Since 2017, CRISE has engaged 1,265 citizens in an interactive, locally-focused, and fact-based program illuminating the coming impacts of sea level rise on coastal communities. Those who participated in the program learned about a range of topics related to sea level rise, with over 80% of participants reporting some or a great deal of knowledge related to the science of sea level rise, associated impacts on the Greater Portland area, and local community resources. Participants also substantially improved their ability to access and interpret data about sea level rise and adaptation efforts, both locally and globally.
While participants represented an older and already somewhat engaged group, this experience prompted many to seek more information, change their behaviors, and talk with others about the issue of seal level rise. In surveys administered two-to-six months after their C-RISE participation, respondents showed a significant increase in their knowledge about sea level rise and climate topics — especially impacts of coastal storms/sea level rise and accessing local data. Ninety-three percent had talked with family, friends, and neighbors about sea level rise, and 78% had already taken steps to reduce their own carbon footprint. Most (65%) have since or plan to contact their elected officials about climate change or sea level rise issues.
Participants appreciated that information was presented by focusing on facts, instead of debating the causes and politics behind the change in sea levels. Additionally, because each presentation of the program was tailored to the specific location, participants found the data and stories more meaningful. Localizing the presentation to a specific municipality or island community provided common context for everyone present and made the exploration of flooding impacts particularly pertinent.

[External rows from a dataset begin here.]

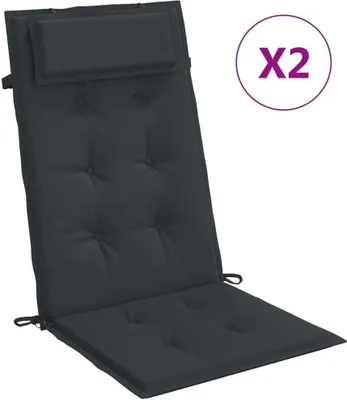 Immagine prodotto di Cuscini per Sedia con Schienale Alto 2pz Nero in Tessuto Oxford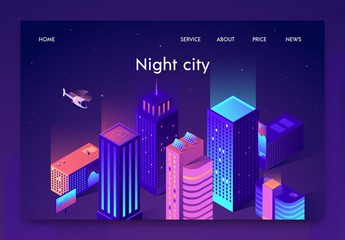 Isometric is Written Night City Landing Page.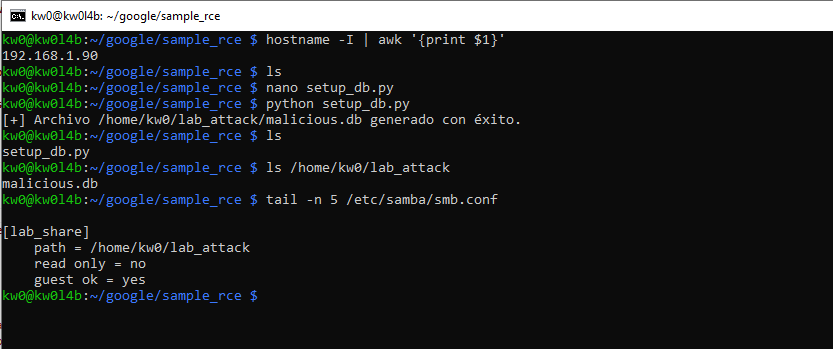 Payload database creation
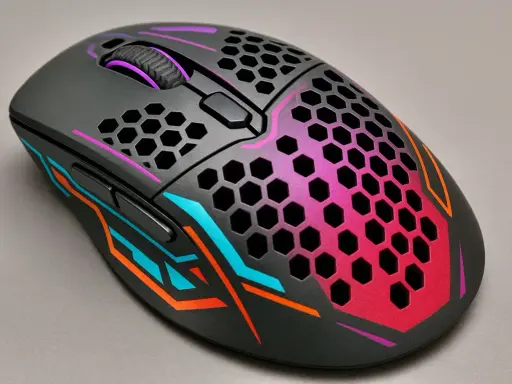 Souris gamer noire avec motifs hexagonaux et dégradé rose/violet. Idéale pour savoir comment choisir sa souris gamer.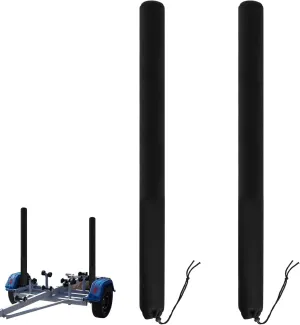 2pcs Trailer Guide Poles Covers, 2.36x47.24in Heavy-Duty Neoprene Marine Guide Pole Cover for Jet Ski Boat Sailboat Trailer(Black)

The program also created community around the issue of sea level rise. Not only were participants surprised by the level of engagement of other attendees, they also formed important high-level partnerships. Our staff engaged local scientific experts, municipal planners, sustainability managers, and others in creating, refining, and implementing the program through our Leadership Team. This provided a fact-based, locally focused message. It also engaged other local leaders in the content of the program.
“Good to hear facts without blaming someone or anyone. Just what we know now, and what it portends.” – CRISE Participant
“[CRISE was] getting people from the most general understanding of ‘O.K., we may need to adapt because of climate change’ to the more scientific understanding of what is happening and what we can expect to happen…they distilled it down to be accessible and relevant in Casco Bay.” – South Portland Sustainability Director
Given the older demographic that attended our events, the CRISE team decided to create a student-specific curriculum to engage the next generation in these important discussions. Together with teachers from South Portland High School, Casco Bay High School, Morse High School, and Mount Desert Island High School, we are creating a high school curriculum that gives students the knowledge and skills needed to engage their communities in better understanding local sea level rise impacts. A pilot version is currently being tested in several Maine classrooms, and has already produced exciting results. Most notably, the curriculum helped students at Mount Desert Island present their concerns about sea level rise to then-gubernatorial candidate Janet Mills before the election.
Looking forward, the program will work further with the Leadership Team and other partners to plan the next steps regarding supporting coastal communities to build resiliency and adaptation to sea level rise. Due to many of the formal and informal relationships formed through this project, the Casco Bay region will now have a consistent, fact-focused message in a format that has shown to be successful in engaging and educating a public audience. CRISE will continue to support coastal communities and working waterfronts in moving from awareness to planning and action that builds resiliency against sea level rise and storm surge.